- _Task details_
Among the records that follow, find the line with "Ecksofa Saniri rechtsseitig" and the line with "Coques Case-Mate iPhone". Set down those lines and all lines between them exactly, without adding anything.

- _Data section_
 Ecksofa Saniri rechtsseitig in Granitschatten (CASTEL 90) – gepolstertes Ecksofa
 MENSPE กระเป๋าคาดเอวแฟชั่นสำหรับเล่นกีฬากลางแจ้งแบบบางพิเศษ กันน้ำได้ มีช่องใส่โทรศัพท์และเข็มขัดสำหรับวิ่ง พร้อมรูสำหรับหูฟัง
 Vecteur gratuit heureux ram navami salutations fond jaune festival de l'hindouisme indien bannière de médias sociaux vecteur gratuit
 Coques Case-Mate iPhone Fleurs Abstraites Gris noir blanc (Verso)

==

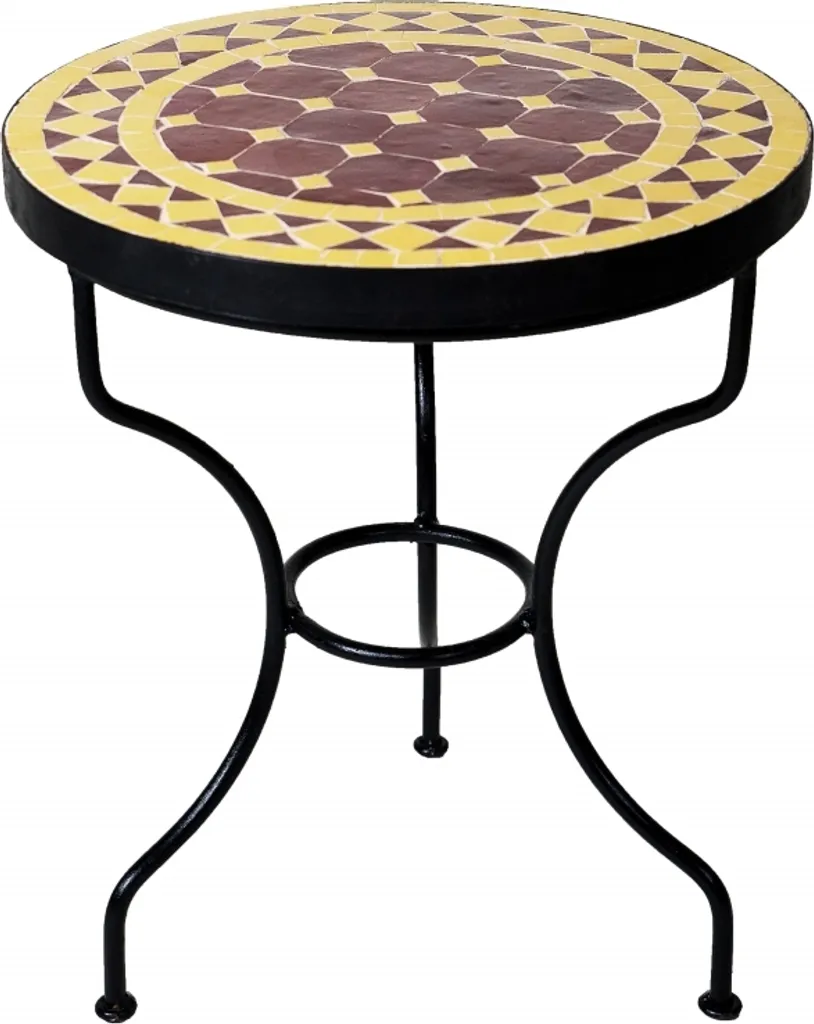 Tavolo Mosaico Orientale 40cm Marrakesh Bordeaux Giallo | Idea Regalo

- _Expected output_
 Ecksofa Saniri rechtsseitig in Granitschatten (CASTEL 90) – gepolstertes Ecksofa
 MENSPE กระเป๋าคาดเอวแฟชั่นสำหรับเล่นกีฬากลางแจ้งแบบบางพิเศษ กันน้ำได้ มีช่องใส่โทรศัพท์และเข็มขัดสำหรับวิ่ง พร้อมรูสำหรับหูฟัง
 Vecteur gratuit heureux ram navami salutations fond jaune festival de l'hindouisme indien bannière de médias sociaux vecteur gratuit
 Coques Case-Mate iPhone Fleurs Abstraites Gris noir blanc (Verso)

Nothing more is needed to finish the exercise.